MATLAB and Simulink for Automated Driving Systems

Automotive engineers use MATLAB® and Simulink® to design automated driving system functionality including computer vision, path planning, and sensor fusion and controls development. With MATLAB and Simulink, you can:

  • Develop perception systems using prebuilt algorithms, sensor models  and apps for computer vision, lidar and radar processing, and sensor fusion.  
  • Design control systems and model vehicle dynamics in a 3D environment using fully assembled reference applications.
  • Test and verify systems using driving scenario authoring with roads, actors, and vehicle definitions, synthetic sensor models, and visualizations
  • Use automated driving-specific visualizations, including a bird’s-eye-view of sensor coverage, detections, and tracks
  • Plan driving paths by designing and using vehicle costmaps, and motion-planning algorithms
  • Ensure your systems comply with industry standards like ISO26262.
  • Automatically generate C code for rapid prototyping and HIL testing using code generation products

“MATLAB is my preferred tool because it speeds algorithm design and improvement. I can do the data analysis, algorithm development, algorithm visualization, and simulation in one place and then generate C code that is reliable, efficient, and easy for software engineers to integrate within a larger system.”

Liang Ma, Delphi

Using MATLAB for Automated Driving Systems

Perception System Design 

With MATLAB, you can use prebuilt algorithms and sensor models for computer vision, lidar processing, radar, and sensor fusion. Perform sensor fusion using a library of tracking and data association techniques including point and extended object trackers.  Simulate measurements from inertial and GPS sensors, and design fusion and localization algorithms to estimate vehicle position and orientation.

Use deep learning and machine learning to develop algorithms for pedestrian detection, lane detection, and drivable path estimation.

With the Ground Truth Labeling app, you can test perception system performance by comparing ground truth data against algorithm outputs.  

Control Systems Design 

Develop controllers for automated driving functions such as Automatic Emergency Braking (AEB), Lane Keeping Assist (LKA), Automatic Cruise Control (ACC), and automated parking valet. You can design model predictive controllers specifically for automated driving applications with prebuilt features and blocks for scenarios like adaptive cruise control, lane-keeping assist, and obstacle avoidance.

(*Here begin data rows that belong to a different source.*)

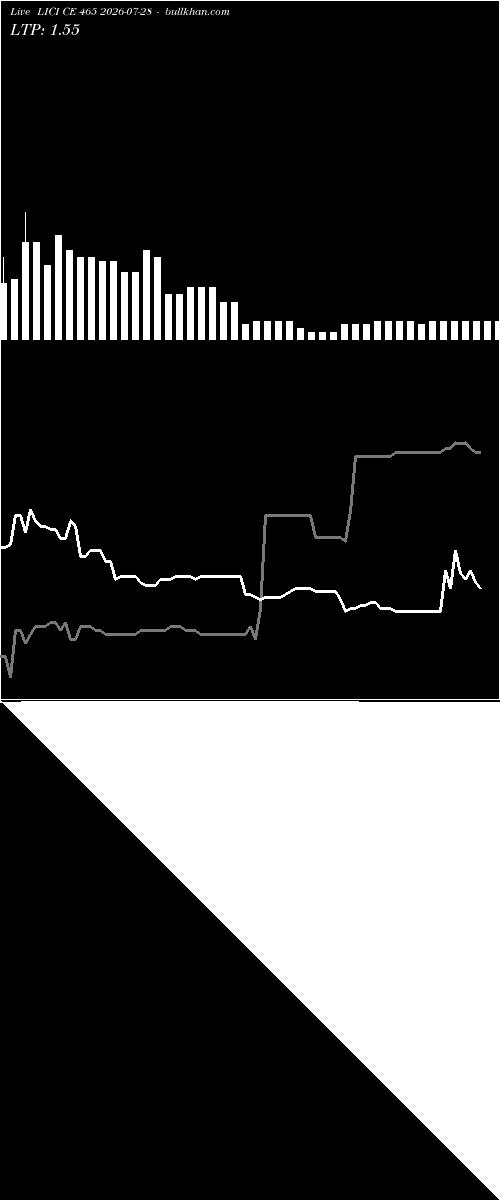  option chart LICI CE 465 2026-07-28 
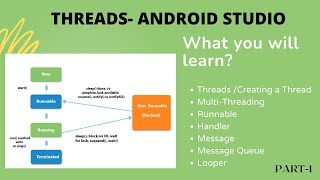 THREAD & MULTI-THREADING IN ANDROID - EASIEST EXPLANATION| ANDROID STUDIO | *VERY IMPORTANT* |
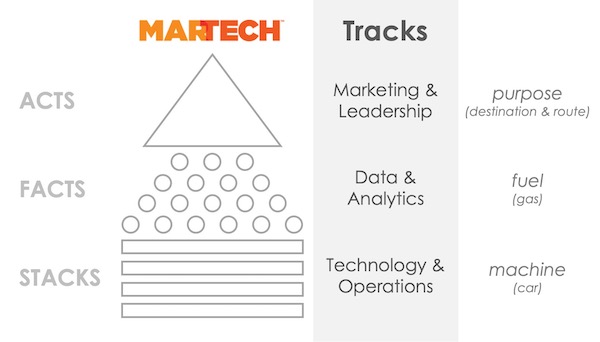 MarTech: Stacks, Facts & Acts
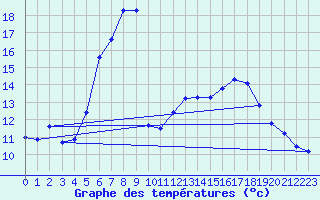 Courbe de tempratures pour Cimpulung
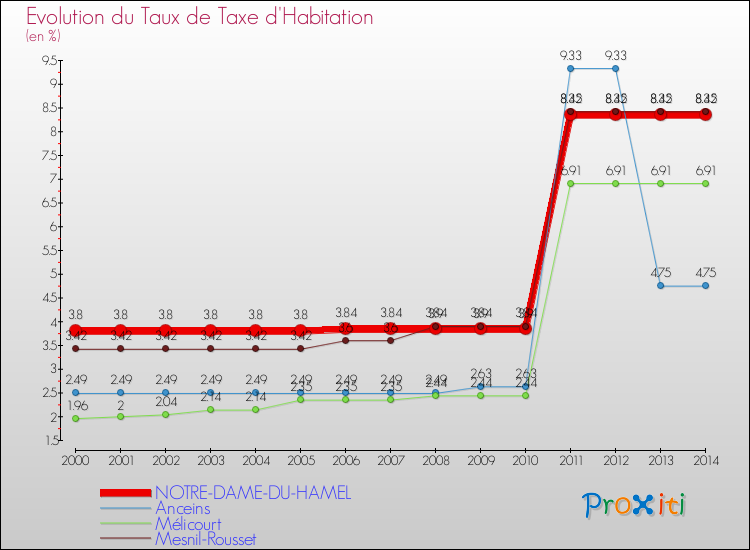 Evolution du taux de la taxe d'habitation pour NOTRE-DAME-DU-HAMEL et les communes proches de 2000 à 2014 Comparaison des taux de la taxe d'habitation pour NOTRE-DAME-DU-HAMEL et les communes voisines de 2000 à 2014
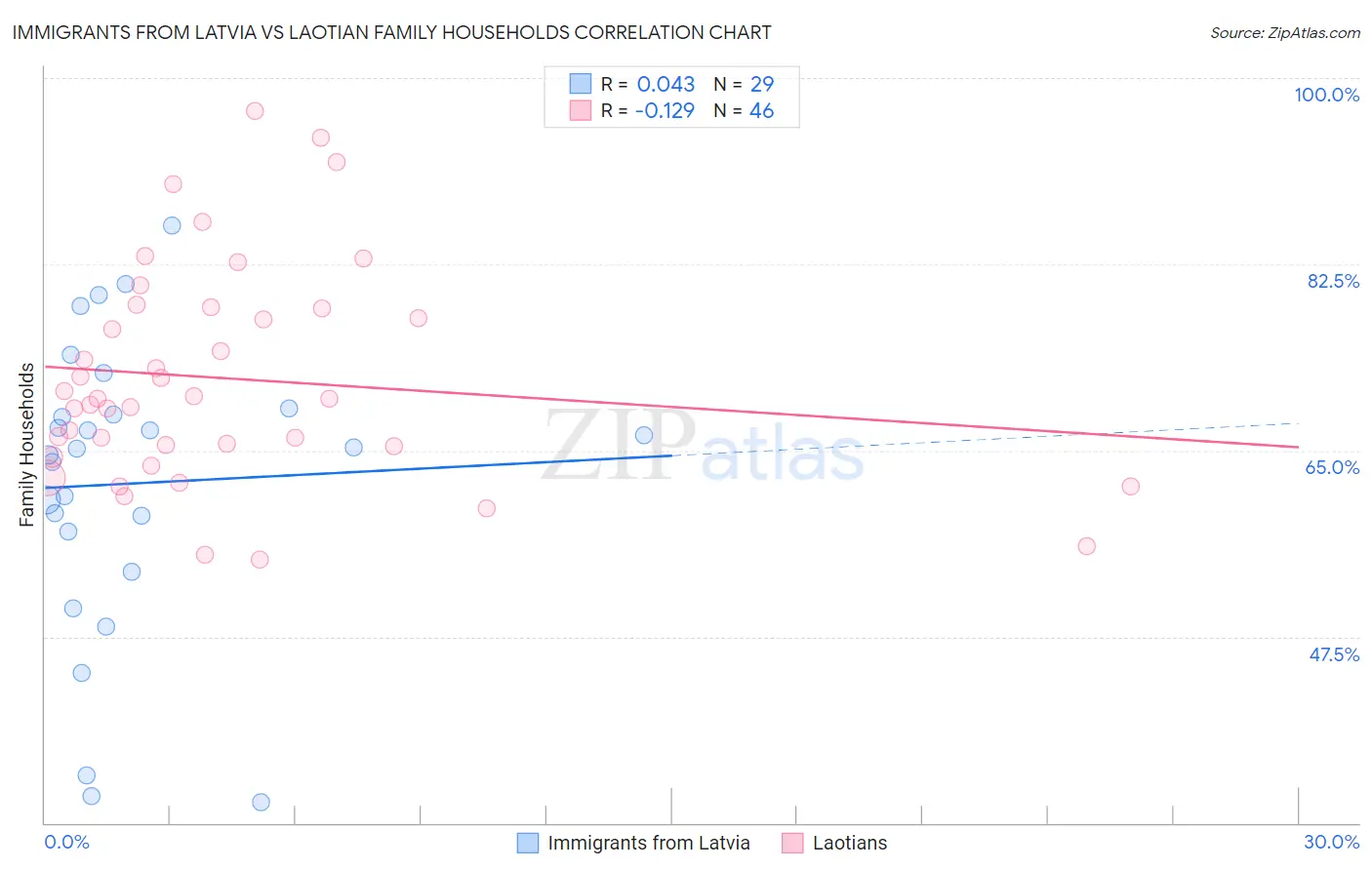 Immigrants from Latvia vs Laotian Family Households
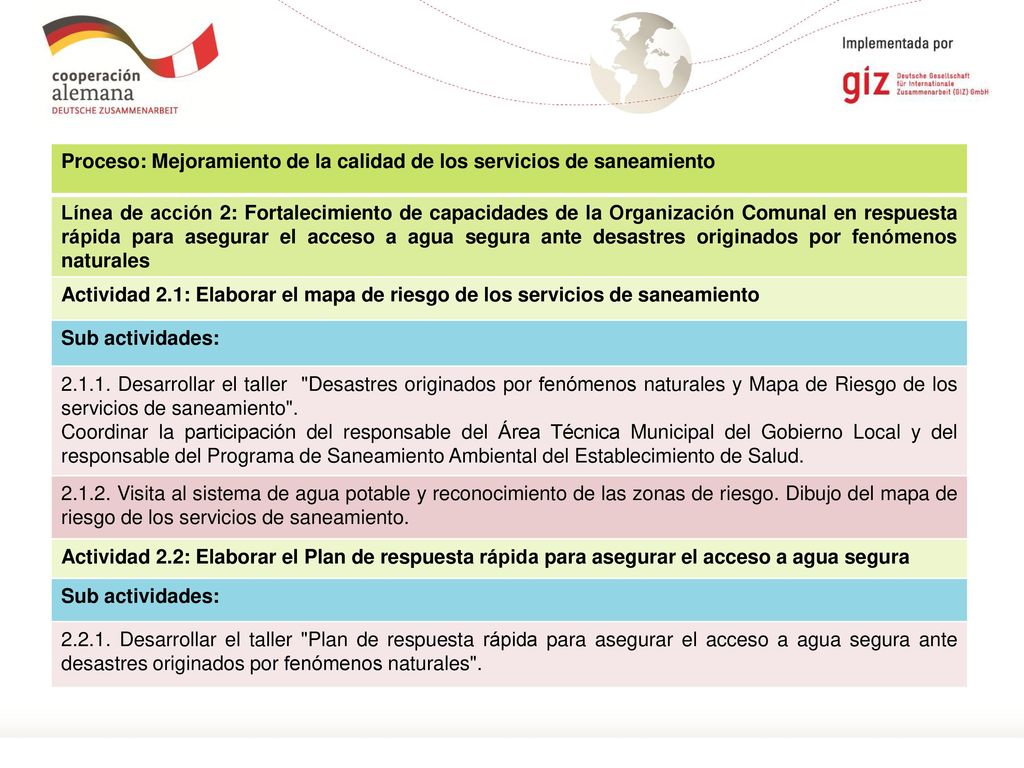 Proceso: Mejoramiento de la calidad de los servicios de saneamiento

Test automated driving algorithms using authored scenarios and synthetic detections from radar and camera sensor models. You can define road networks, actors, and sensors using the Driving Scenario Designer App. Import prebuilt EURO NCAP tests and OpenDRIVE® road networks. 

Reference Examples

Path Planning 

Plan driving paths by using vehicle costmaps and motion-planning algorithms.  You can also access path planning techniques from ROS using interfaces in the Robotics System Toolbox™.  

Simulation-Based Testing  

Start testing your automated driving algorithms using the Driving Scenario Designer app, which lets you build scenarios or load prebuilt ones-- including EuroNCAP. Generate detections from your statistical radar and camera models and analyze the output in MATLAB or Simulink.

You can also use the 3D environment provided with the reference applications to develop your own virtual test ground for ADAS and automated driving features. For example, the vehicle models come with a virtual camera that sends images back to Simulink during the simulation. You can analyze the signals in Simulink to test your lane detection algorithm. Customizing the scenes in the Unreal Engine editors gives you additional flexibility to create and simulate scenarios that fully exercise your ADAS and automated driving features.

Visualization 

MATLAB provides automated driving-specific visualizations, including a bird’s-eye-view of sensor coverage, detections, and tracks; 3D scenario chase views; Lidar point cloud viewers; and video overlays for lane markers and vehicle detections.

To track moving objects, you can use constant-velocity or constant-acceleration motion models, or you can define your own models.